The real pull has come from personal experiences back home, and the emergence of reliable Republican business voices who have provided a rare counterargument to the activists in Washington.

For Senator Roy Blunt of Missouri, it is a bridal shop in St. Louis where customers try on dresses, check the labels for the product code, and then order the same product online, free of sales tax.

For Representative Austin Scott, an ardent conservative Republican from Georgia, it’s Ken’s Trading Company, where the profit margin on a Leupold rifle scope is lower than the sales tax too many Georgians are avoiding by shopping for the same scope on their computers.

”We respect their opinion. I’m glad they’re there as conservatives,” Mr. Scott said of the antitax groups. ”But the fact of matter is, in the end we have a job to do.”

For opponents of the bill, the impotence of the antitax arguments has been a revelation.

”I don’t think any one group drives an issue. It’s the issue itself,” said Senator Kelly Ayotte, Republican of New Hampshire, whose state is one of five with no sales taxes. ”What does surprise me, put aside the groups for a minute, is that there are people who describe themselves as conservatives who are going to support this act, when regardless of how you look at it, whether your state has a sales tax or not, it’s going to put some fairly rigorous and onerous requirements on online businesses to collect taxes for other states. That’s counter to conservative principles.”

The Internet sales tax is not the first battle such groups have lost, but it might be one of the clearest. In 2010, just before all of the Bush-era tax cuts were first set to expire, President Obama and Senate Republican negotiators reached agreement to extend all of the tax cuts for two years, except one.

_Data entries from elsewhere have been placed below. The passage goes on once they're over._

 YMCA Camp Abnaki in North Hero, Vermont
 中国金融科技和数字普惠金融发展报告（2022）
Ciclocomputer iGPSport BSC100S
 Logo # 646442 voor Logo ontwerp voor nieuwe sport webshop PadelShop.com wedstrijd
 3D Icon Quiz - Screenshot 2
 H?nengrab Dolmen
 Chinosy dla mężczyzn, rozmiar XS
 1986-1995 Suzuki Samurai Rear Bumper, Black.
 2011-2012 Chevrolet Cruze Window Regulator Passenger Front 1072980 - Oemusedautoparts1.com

The estate tax had actually expired. Rather than have it reborn at the relatively high top rate of Bill Clinton‘s era, negotiators allowed it to come back at a considerably lower rate. It was still a tax increase from zero, but not as big as it could have been. Mr. Norquist blessed it.

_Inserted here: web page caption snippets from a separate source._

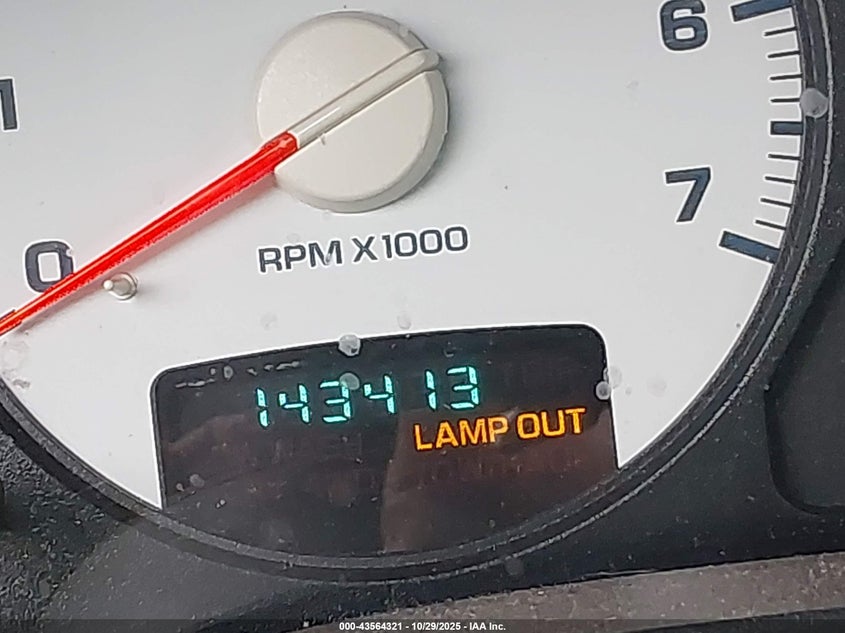 2005 Dodge Ram 1500 Slt/Laramie VIN: 1D7HU16D35J591035 Lot: 43564321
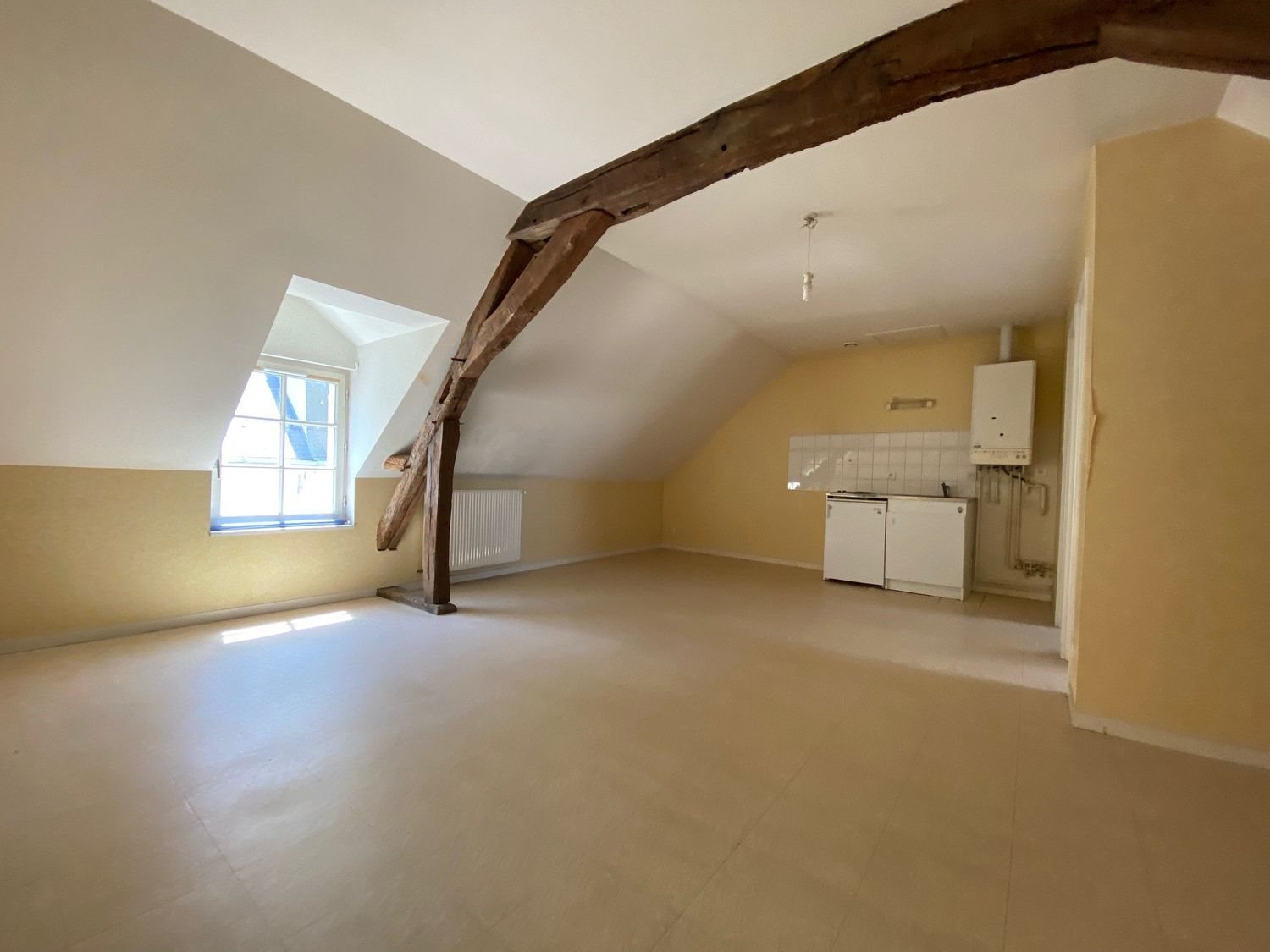 Appartement à louer, 35m², Saumur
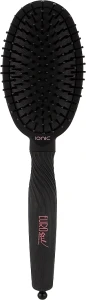 Eurostil Щетка для волос, 07526 Ionic Oval Rubber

He took his argument even further this year when all those tax cuts expired again. This time, Mr. Obama insisted that tax rates rise considerably on upper-income families’ wages, estates, capital gains and dividends. Almost all Republicans saw that as a tax increase, and a big one, but Mr. Norquist—seeing that passage was inevitable—again declared that the deal did not violate his group’s no-new-taxes pledge since letting all the tax cuts expire would be worse.

This time, Mr. Norquist and other conservatives are not mincing words. Heritage Action predicted that the Internet bill would usher in ”tax audits from hell” for online retailers who could be subject to scrutiny from taxing authorities all over the country at year’s end.

The Heritage Foundation e-mailed to members its 10 reasons to oppose the bill, contending ”it will hobble the Internet economy,” erode ”state sovereignty,” force ”small businesses to become tax collectors for other states” and unleash ”all the nation’s tax collectors on small businesses.”

Mr. Blunt grimaced at such assertions and recalled an interview he did with a television reporter in St. Louis. After the cameras were turned off, the reporter told him of his wife’s friend and her bridal store—which for many customers has turned into a showroom to try out the wares before buying them online.

”They use the parking lot. They use the sidewalk. They benefit from police protection, and then the local merchant who pays for all of that doesn’t get the sale,” he said, suggesting that the groups’ angry opposition in Washington could prove to be something of a watershed with Republicans.

Mr. Scott said he was in no way ready to renounce his support of the taxpayer pledge, but on this one, he has made his choice: ”I’m a co-signer of the pledge. I’m a co-signer of the legislation. We have to collect the taxes that are due.”